Another member of the group who was aligned to the
nationalist-minded faction to which Jama belonged, Sheikh Hassan Dahir
Aweys, escaped from Al-Shabaab’s largest remaining base in Barawe, which
is located some 180 km south of Mogadishu.
He surrendered to the Somali government following
the murder of Jama and Burhan. According to Prof Abdisamad, Aweys and
his faction are considered to be less extremist as their intention is to
establish an Islamic state within Somalia borders and not bother
neighbouring countries.
“The religious nationalism faction is against
globalising the conflict in Somalia, indiscriminate assassinations and
the killing of clerics, scholars and everyone who seem to have not
favoured the militants. For years they campaigned to replace Godane,
which they failed (to do),” Prof Abdisamad said.
The group’s internal division is believed to have
contributed to their loss of strategic towns in southern and central
Somalia, including part of the capital, Mogadishu.

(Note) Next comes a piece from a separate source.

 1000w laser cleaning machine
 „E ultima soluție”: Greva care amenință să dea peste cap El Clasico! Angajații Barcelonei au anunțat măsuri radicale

The Bakara market in the capital city was their
main source of funding as the group used to generate millions of dollars
from there through taxation and by extortions from telecommunication
companies and the business community at large. Al-Shabaab was ousted
from Mogadishu in 2011 by Somali forces and African Union Mission in
Somalia (Amisom) troops.
Amisom
Exactly a year later, the group lost its last
remaining and greatest revenue source – the stronghold of Kismayo, a
port city in southern Somalia.
According to a United Nations report, Al-Shabaab
used to generate between 35 to 50 million dollars annually from the
southern seaports of Kismayo and Marko. Both ports are now under the
control of Somali forces and Amisom troops.
“Such a loss of economic sources and internal
divisions have led hundreds of Al-Shabaab fighters to defect to the
government,” Somali journalist, Mohamed Abdi, told IPS. The group, he
said, failed to keep paying their fighters regularly “as they used to
do” before the financial constraints emerged.
Abdi said that the financial constraints and the
open rift within the group’s leadership have largely demolished the
morale, loyalty and capability of the group’s foot soldiers. It has lead
to hundreds of them deserting to the government or fleeing the
organisation and going into hiding in Somalia or in neighbouring
countries.
But Abdisamad Moalim Mohamud, Somalia’s former
minister for the interior and national security and a current member of
parliament, told IPS that the group remains a threat not only to
Somalia, but also to regional and global security.
“They have lost more of their foot soldiers and
can’t counter Somali and Amisom forces directly any more. But they are
more capable of conducting effective guerrilla-style warfare such as
suicide attacks and storming places like Westgate Mall in Nairobi and
the UN compound in Mogadishu,” Mohamud said by phone from Mogadishu.
He said that regional intelligence sharing and
developing joint monitoring platforms and common anti-terror strategies
within regional governments could be used to prevent such a threat. But
he disagreed that their internal division had something to do with
nationalism.
“Their rift has a lot to do with the leadership
change of Al-Qaeda than local politics and it is more about pursuing
hegemony over the command and control of the group,” Mohamud said.